In having her story written, Olena herself does not escape the scrutiny of her granddaughter, Janice Kulyk. She was too proud, is Kulyk Keefer's verdict. Having only moments before given birth to her second daughter, Olena, who knows the priest is on his way and knows, too, that he will tell everyone about her unwashed floor, gets down on her knees to scrub it, leaving the newborn to struggle for every breath. Such pride is a dangerous thing. "I can see two things," Kulyk Keefer writes. "One is my grandmother's gift for disabling fear, forestalling grief. But the other is the kind of pride that digs its own pit and tosses you inside. You know as you scrub the floor that your newborn child may be dying, alone, in the bed still warm from your body... You never look too closely at what you've accomplished and what might have happened instead. For pride-despite its endless care for what others might see when they steal their envious looks-pride is blind."
Olena thus becomes an outcast within her own family. Her daughters, too, bear the burden of that unyielding resentment. While dispensing honey to his own children, a relative gives none to the two little girls he knew were watching and wanting. Kulyk Keefer writes: "Cruelty, it's been said, is only fear disguised. In the Old Place, in Olena's dealings with her children, it seems to me that cruelty, or harshness is love in hiding. But how do we name the cruelty shown by a grown woman to her small nieces, denying them a handful of plums, a bread crust scribbled with honey? The kind of cruelty that fills the mouth with ashes."
This is not the worst form of cruelty depicted here by far. There is also that nameless, incomprehensible collective brutality. In the second part of Honey and Ashes, Kulyk Keefer examines the larger, historical context of her family's stories. She examines the Ukrainian-Polish conflicts (1918-1919 and 1930s), the suffering of Poles and Ukrainians at one another's hands, and the catastrophic fate of Jewish civilians who were brutalized by all parties-Poles, Ukrainians, Russian armies fighting for and against the Revolution, and later Nazis. There are forms of cruelty which cannot be explained and so, in this section, Kulyk Keefer provides facts, but offers no insight. Upon hearing one sad account in which a Polish woman and her small daughter are spared but her Ukrainian husband and seven sons are murdered by other Poles, including the woman's own relatives, Kulyk Keefer can only comment, "I think of how lucky my grandparents were to escape from Poland when they did."

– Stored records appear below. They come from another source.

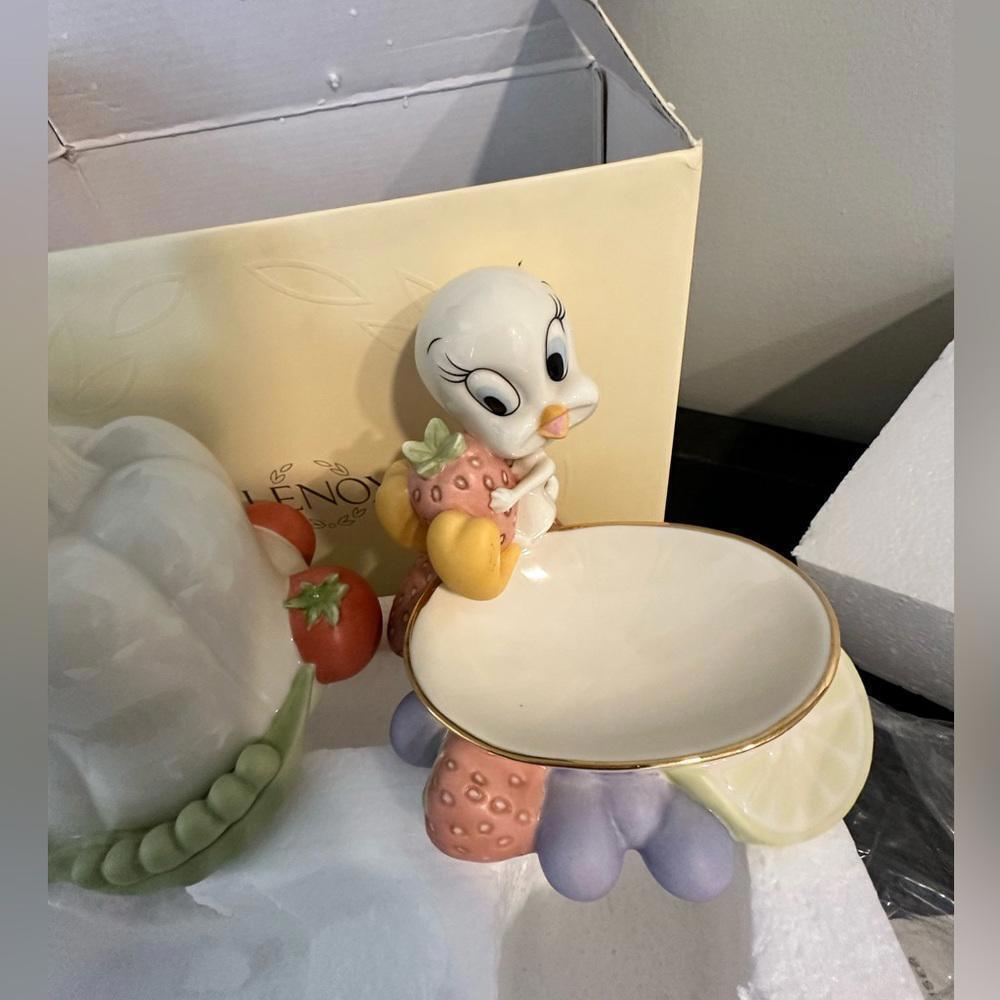 New In Box Lenox Tweety Soap Dish and Lotion Dispenser excellent looney tunes - Picture 5 of 13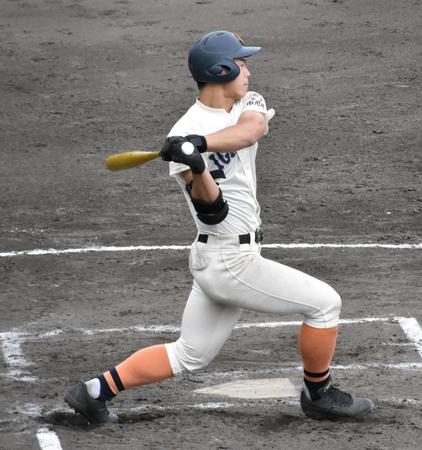 七回、右前打を放つ市尼崎・米山航平外野手（３年）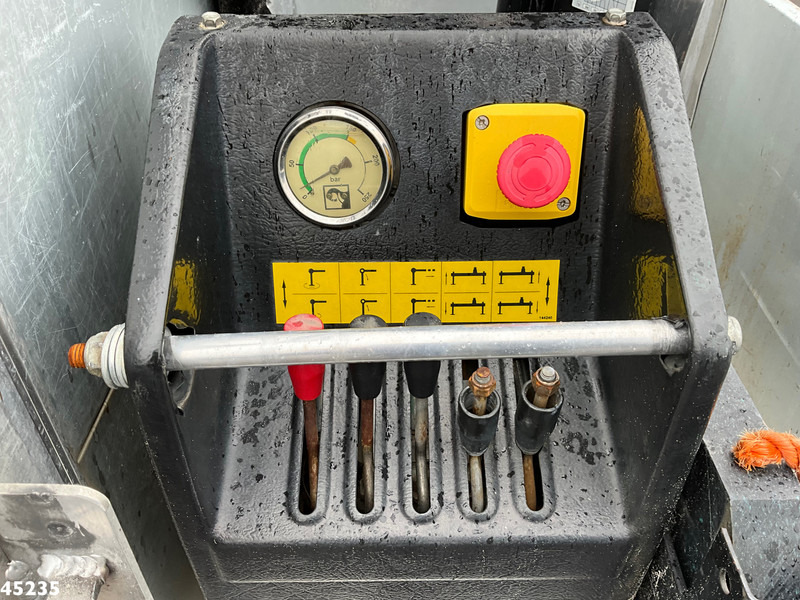 Leasing of Volkswagen Transporter 2.0 TDI DC Hiab 1,3 Tonmeter laadkraan Just 194.250 km! Volkswagen Transporter 2.0 TDI DC Hiab 1,3 Tonmeter laadkraan Just 194.250 km!: picture 15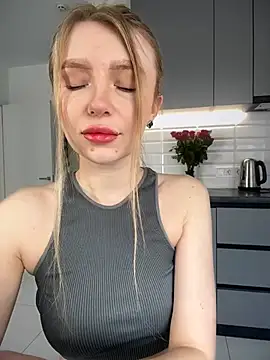 EvaBrooklyn online show from March 10, 6:16 am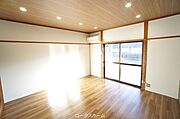 天井ダウンライト設置済・床カベリフォーム済！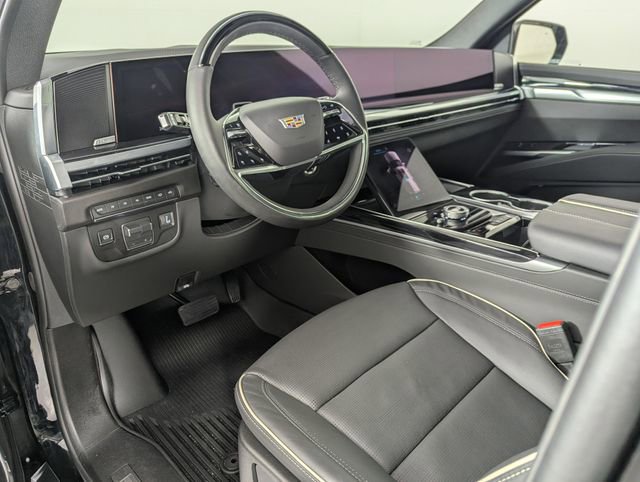 Used 2026 Cadillac Escalade Sport w/ Touring Package image 16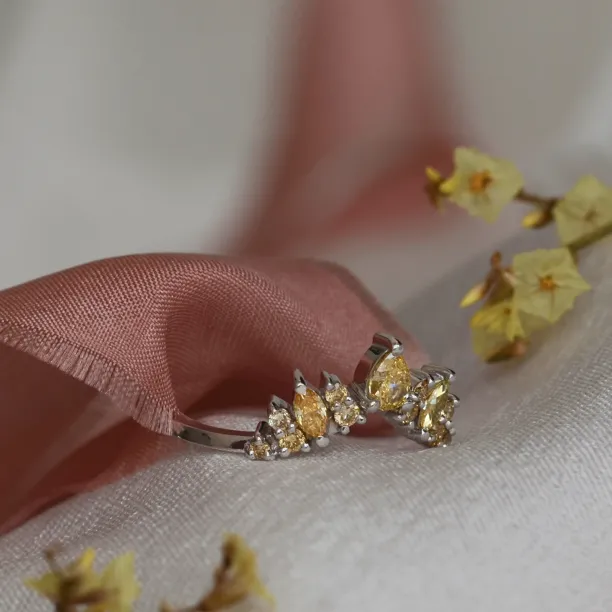 Zlatý prsten s fancy žlutými diamanty FIERIA Image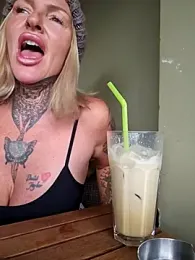 YourMommyBlair webcam model stream image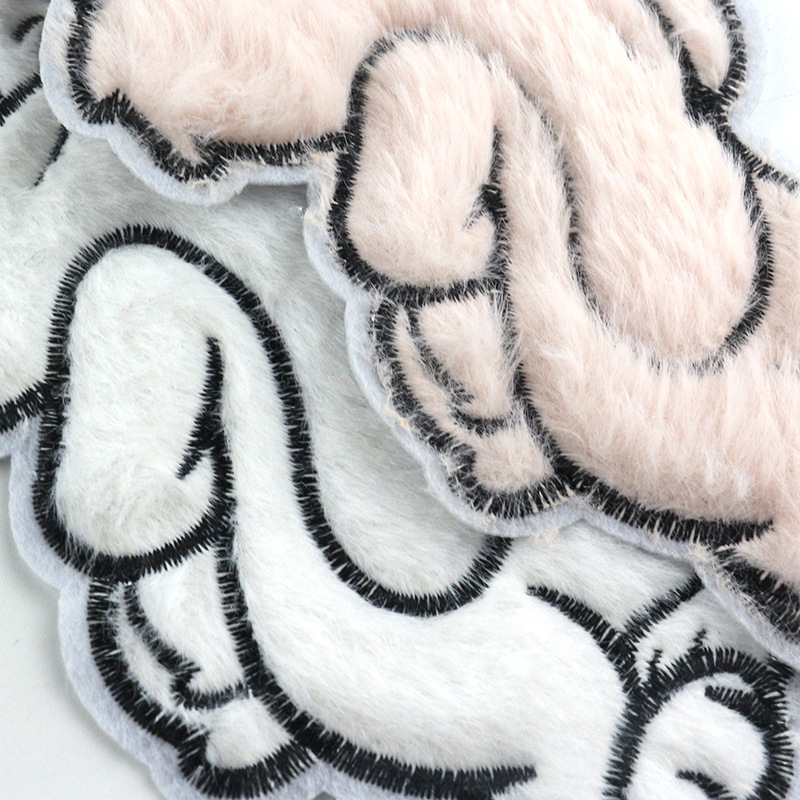 Pliušinis kiškio aplikacija drabužiams – siuvinėta, kiškio forma, karikatūros raštas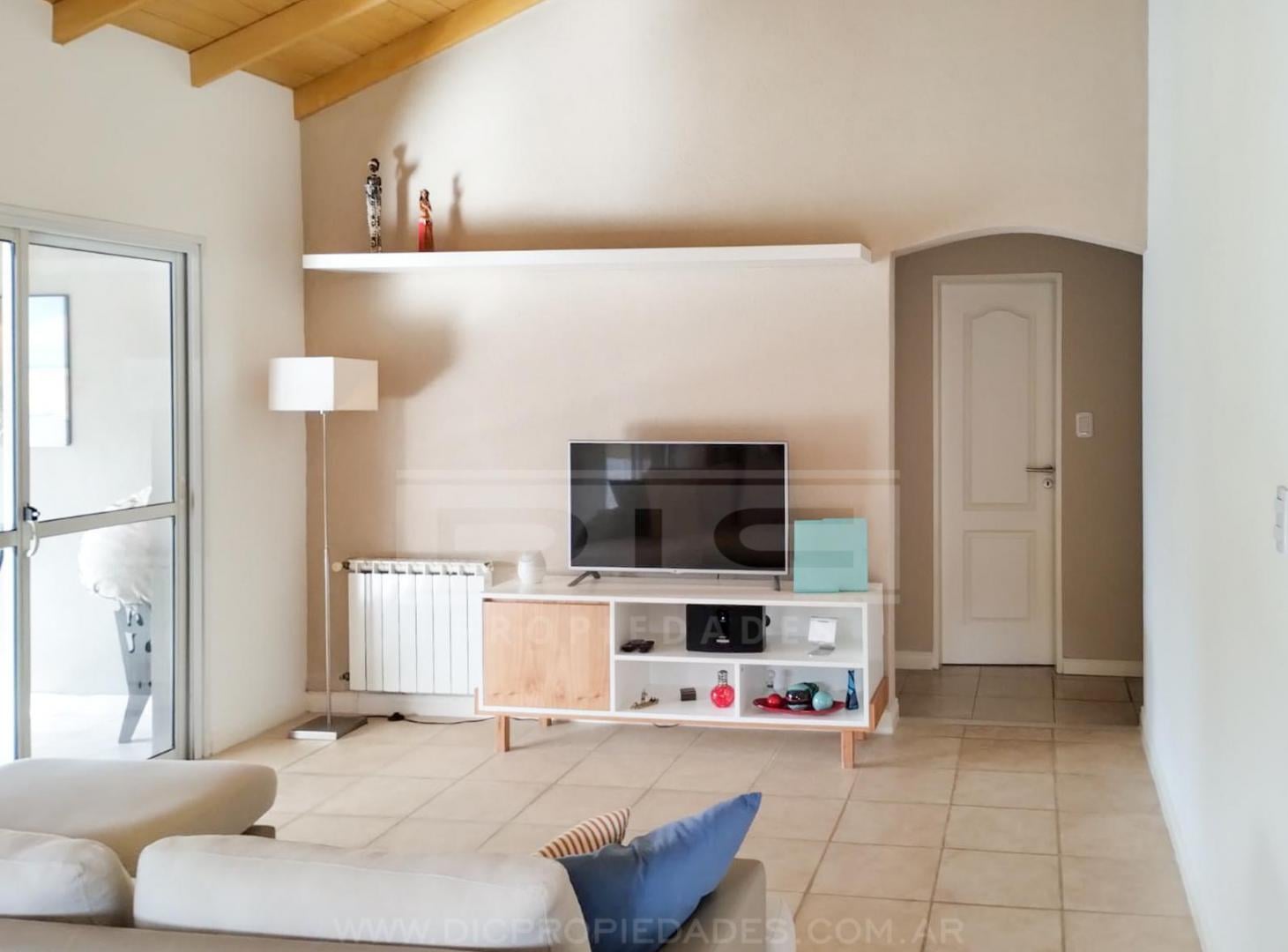 Foto de Chalet 3 dormitorios Venta - La Candela, imagen 3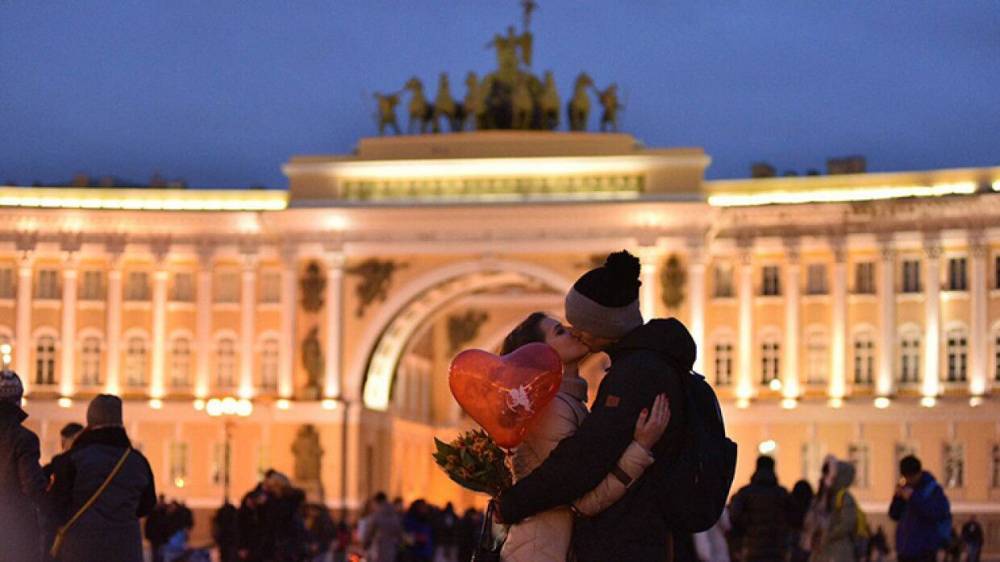 Названы города, в которых россияне намерены встретить День всех влюбленных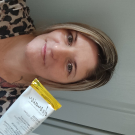 Swatch de Laet38300 : GEL NETTOYANT EXFOLIANT GO FOR GLOW, DEMAIN BEAUTY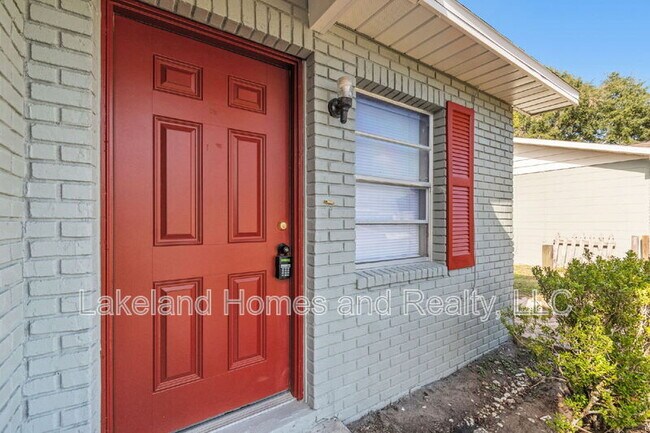 Photo - 6026 Norton Rd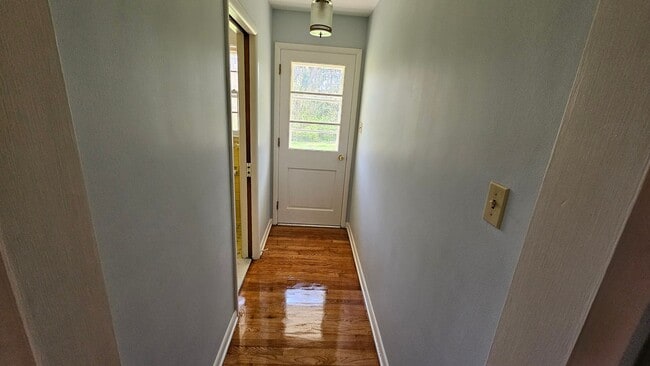 Building Photo - 4 Bedroom Single Family Home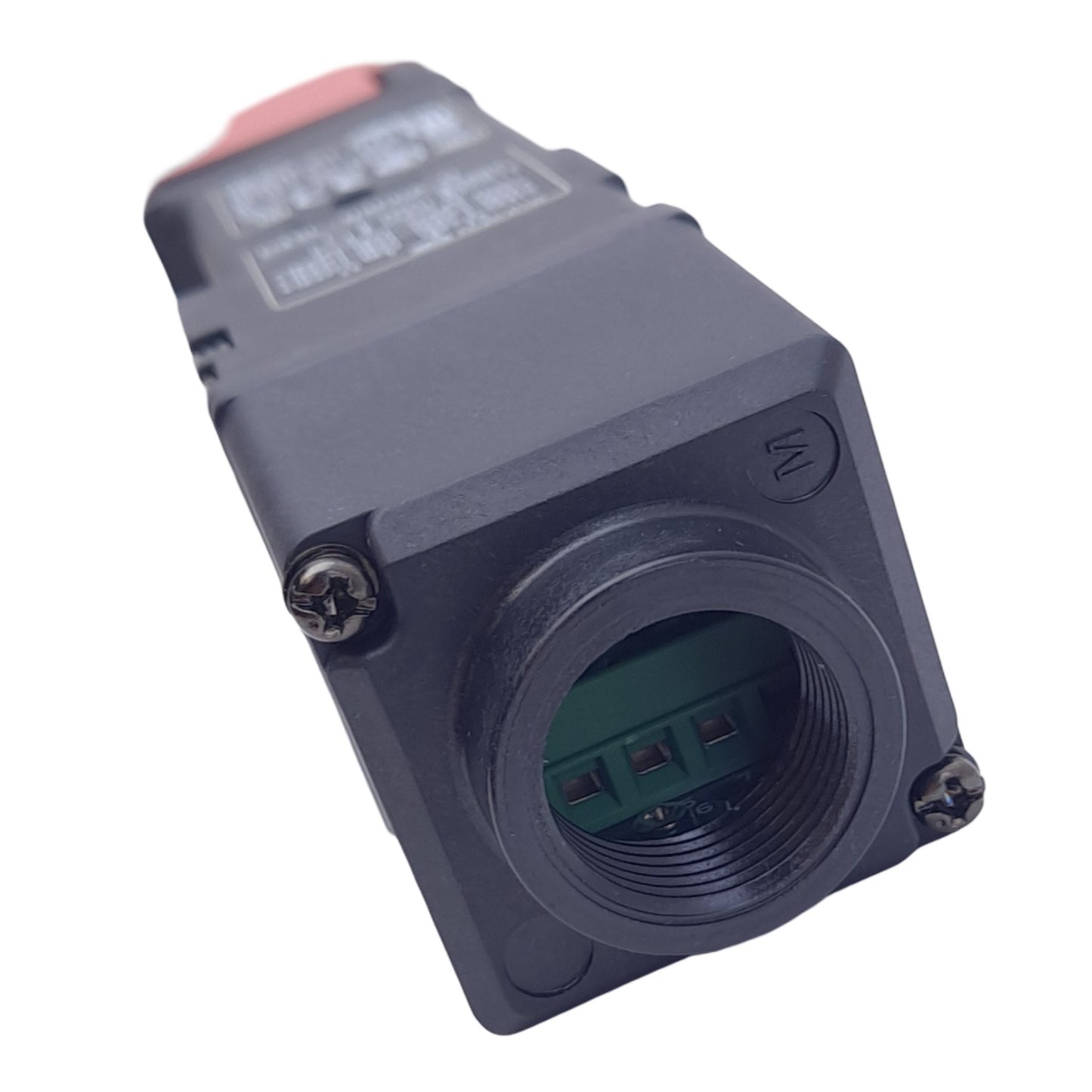 New Omron D4SL-N3PDA-D Guard Locking Switch, 1/2 NPT, 2NC/1NO + 3NC, 24V, 1300N Max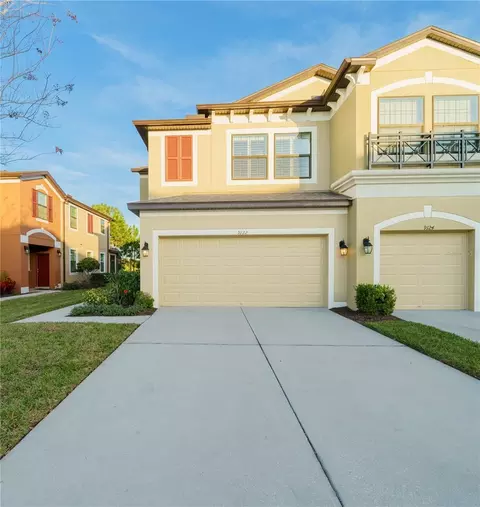 9122 Fox Sparrow Rd, Tampa, FL 33626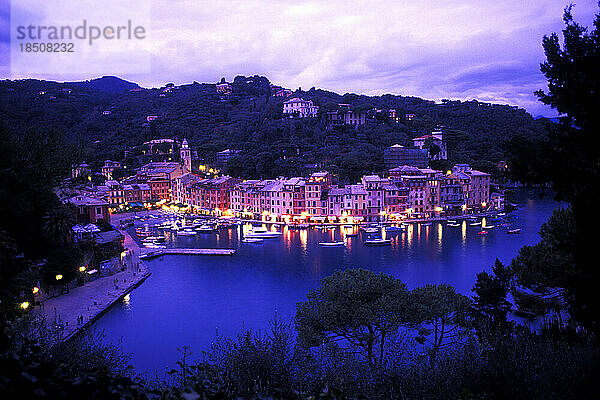 Schöne Nachtszene des Hafens in Portofino  Italien
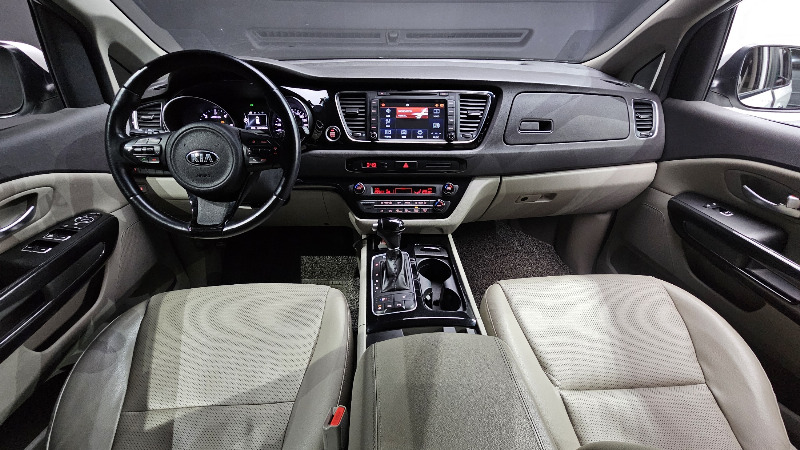car KIA Carnival id16629 photo #7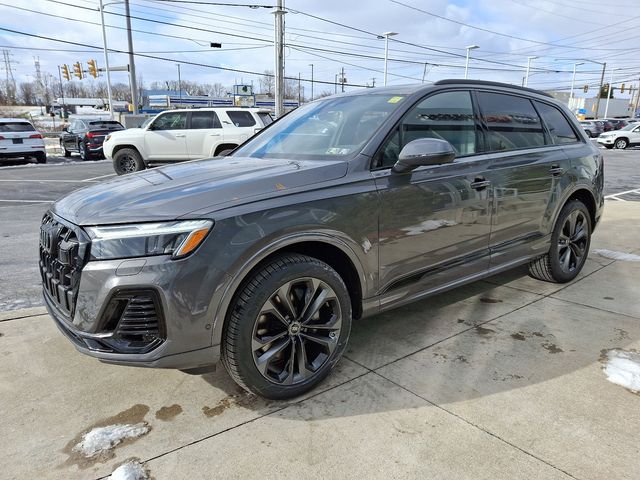 2025 Audi Q7 Premium Plus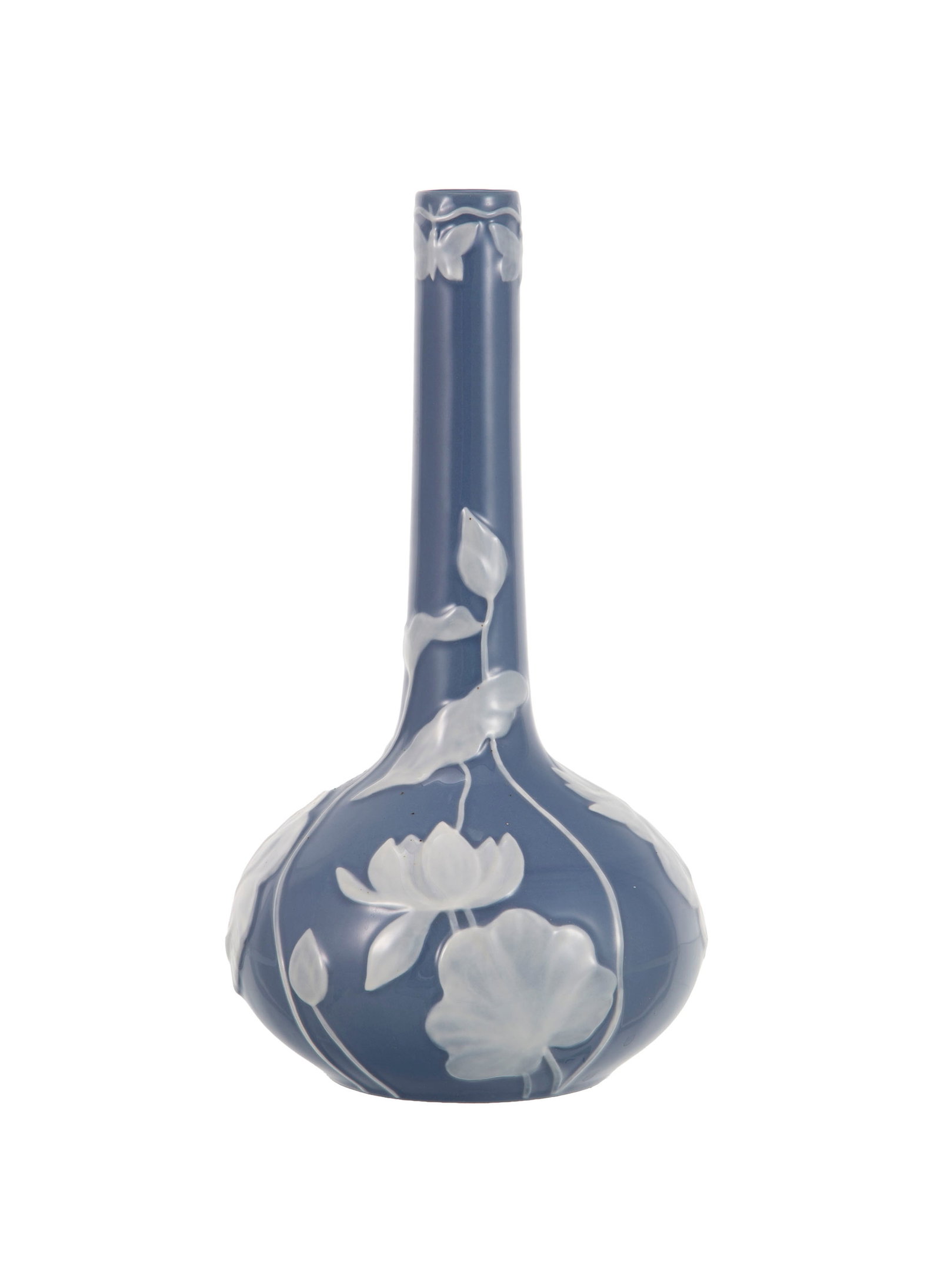 Herend. Vase soliflore en porcelaine, XXe s., à décor de nénuphars blancs sur fond bl: Herend. Vase soliflore en porcelaine, XXe s., à décor de nénuphars blancs sur fond bleu, h. 28 cm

Ultimately, Honey and Ashes is an emotionally powerful tribute not only to Kulyk Keefer's own family, their perseverance in the face of all manner of difficulties, and their success, but also to the country which adopted them. For despite the fact that 1930s Toronto was an "unjust city" in which immigrant labourers had no rights and immigrants in general were treated like second-class citizens, it is Canada that offered her family a future with all the benefits that hard, honest work can bring. It is Canada, with a political and social system superior by far to what existed and still exists in Eastern Europe, that offers her family, by the author's own admission, what they would otherwise have known only through fairy tales-a happy ending.